The ambiance of a speech-laden day woos me into thinking exceptional writing is the winner. As I re-read Martin Luther King, Jr.’s address, my writer’s ear rejoices at his use of repetition and amplification (Margie Lawson teaches us it’s called anaphora). I not only read the words, but my thoughts slow, and I both see and hear him speak each line, hear the response of the crowd, and feel the swell of hope as if I had been there on that summer day in 1963.Let freedom ring from the prodigious hilltops of New Hampshire, Let freedom ring from the mighty mountains of New York, Let freedom ring from the heightening Alleghenies of Pennsylvania, Let freedom ring from the snow-capped Rockies of Colorado, Let freedom ring from the curvaceous slopes of California… But not only that… Let freedom ring from Stone Mountain of Georgia, Let freedom ring from Lookout Mountain of Tennessee, Let freedom ring from every hill and molehill of Mississippi, From every mountainside, let freedom ring.
Yet in fifty years’ time, how many examples of such exceptional, evocative, and provocative writing endure? How many passages can you quote from your favorite book?
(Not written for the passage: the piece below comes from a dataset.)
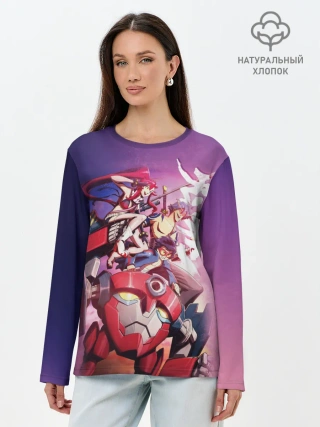 Лонгслив женский. Хлопок / Gurren Lagann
How many did you even feel like reading more than once?
Lottery drawings happen a couple times each week in more than fifteen major drawings around the globe, and hundreds of smaller ones. Not to mention the lower value (better odds) scratch-off ticket winners. One hundred twenty-seven Powerball winners have claimed payment in the last ten years. Fifteen of them were from Pennsylvania.
My fortune cookie at lunch read: The finest eloquence is that which gets things done. Instead of trying to write a powerful and inspirational piece for you today, I’m going to go buy a lottery ticket and split the winnings with you if we hit it big.